In the first instalment of a new article series from the SA Rugby magazine team, MARIETTE ADAMS reflects on a spine-tingling individual performance that lit up RWC 2007.
After France’s stunning 20-18 quarter-final victory over tournament favourites New Zealand, most of the talk following the game was in regard to referee Wayne Barnes’ supposed ineptitude and Thierry Dusautoir’s Herculean display.
I was still a high schooler back then and didn’t much care for a Test match that didn’t involve the team I supported. But on Saturday, 6 October 2007, I found myself in a setting where the quarter-finals were pretty much the only topic people talked about.
I didn’t watch the first quarter between the Wallabies and England, but settled down in front the television to battle through the second playoff, which I legitimately thought the All Blacks would win and win commandingly.
But the match turned out to be Dusautoir’s magnum opus. The ‘Dark Destroyer’, as he was affectionately known, produced one of the greatest performances at a World Cup.
New Zealand opened a handy 13-0 lead, but that was through no fault of Dusautoir. He was sensational from the outset. And as France mounted the comeback, he was at the heart of everything they did that night.
Staggeringly, Dusautoir made a record 38 tackles as he led the French procession that suffocated the All Blacks and forced them to ultimately surrender to the two-point defeat.

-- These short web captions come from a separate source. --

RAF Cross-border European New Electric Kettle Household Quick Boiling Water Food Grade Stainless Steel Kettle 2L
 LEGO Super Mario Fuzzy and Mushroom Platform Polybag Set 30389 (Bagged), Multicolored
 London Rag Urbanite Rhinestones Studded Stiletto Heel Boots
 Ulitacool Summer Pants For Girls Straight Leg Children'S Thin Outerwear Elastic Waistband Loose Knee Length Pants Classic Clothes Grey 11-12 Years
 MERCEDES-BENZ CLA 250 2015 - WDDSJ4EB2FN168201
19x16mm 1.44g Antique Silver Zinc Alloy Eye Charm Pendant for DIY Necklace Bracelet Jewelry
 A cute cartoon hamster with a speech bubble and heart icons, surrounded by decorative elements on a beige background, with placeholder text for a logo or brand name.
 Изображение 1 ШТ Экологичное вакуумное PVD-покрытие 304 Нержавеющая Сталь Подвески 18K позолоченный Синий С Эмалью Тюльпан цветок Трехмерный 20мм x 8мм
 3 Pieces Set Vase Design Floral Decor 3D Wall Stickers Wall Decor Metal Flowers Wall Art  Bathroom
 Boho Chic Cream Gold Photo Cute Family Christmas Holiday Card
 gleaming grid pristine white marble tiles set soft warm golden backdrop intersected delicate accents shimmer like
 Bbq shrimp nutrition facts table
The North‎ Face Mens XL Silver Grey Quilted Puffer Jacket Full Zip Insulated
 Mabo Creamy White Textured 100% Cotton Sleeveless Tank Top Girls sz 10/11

In what was the 25-year-old Dusautoir’s defining game, he covered every blade of grass inside the Millennium Stadium in Cardiff. From his defensive display to his breakdown disruption and the crucial try he scored, Dusautoir was otherworldly that night. Even the great Richie McCaw played second fiddle to the Dark Destroyer’s prowess.
Of course, I was too young to fully appreciate and marvel at what Dusautoir had just pulled off, but I’ll never forget that it was a performance that gave me goosebumps, a performance that made me remember his name.